To determine synaptic density, we performed Golgi staining using a FD Rapid GolgiStain™ kit (FD NeuroTechnologies, Columbia, MD, USA) according to the manufacturer’s protocols. Briefly, mice were euthanized and their brains perfused with heparinized double physiological saline. The brains were then immersed in solutions A and B for the impregnation step and stored at room temperature for up to 2 weeks in the dark. Next, the brains were transferred to solution C, following which 4 were stored in the dark for up to one week. Each brain was serially sectioned at a thickness of 100 µm using a cryotome (Leica Biosystems, Germany). The sections were mounted on gelatin-coated slides and allowed to dry naturally at room temperature. Mounted sections were rinsed with double-distilled water and allowed to react with an equal volume of solutions D and E in the dark for 10 min. Next, sections were rinsed in double-distilled water and dehydrated via an ascending alcohol gradient (50, 75, 80, 95, and 100%). After dehydration, the sections were cleaned in Histoclear (National Diagnostics, Georgia, USA) and cover-slipped with Permount solution (Fisher Chemicals #SP15-500 HS200). Dendritic spines were observed under a Zeiss Axioscan z1 microscope (Zeiss, Germany). Spine density and dendrite length were quantitatively analyzed by counting spines and dendrites using SynPAnal software . The experimenters were blinded to the groups and 10 dendrites per mouse were selected for further analyses.

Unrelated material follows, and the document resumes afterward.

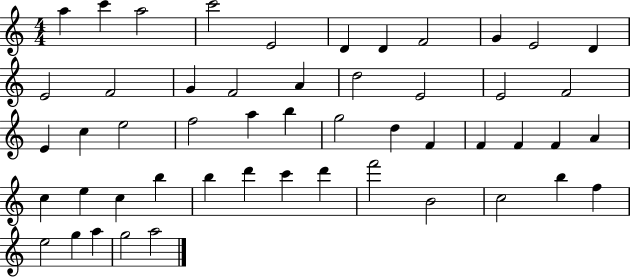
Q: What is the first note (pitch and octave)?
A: A5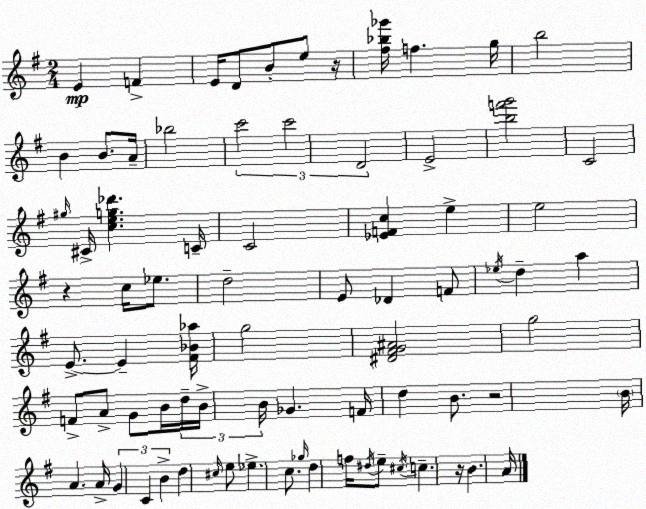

Enzyme-linked immunosorbent assay (ELISA)
Mice were sacrificed, following which whole blood was collected via cardiac puncture, and serum was isolated and stored at − 80°C until assayed. Serum glucocorticoid and testosterone levels were determined using a corticosterone ELISA kit (Enzo, #ADI-900-097) and a testosterone ELISA kit (Enzo #ADI-900-065), respectively, according to the manufacturer’s instructions.
Data are presented as mean ± standard error of the mean (SEM). Significance of the differences between groups was assessed via unpaired Student’s t-tests and two-way analysis of variance (ANOVA) followed by Tukey’s post-hoc test, using GraphPad Prism version 7 for Mac (GraphPad, La Jolla, CA). Statistical significance was set at p < 0.05.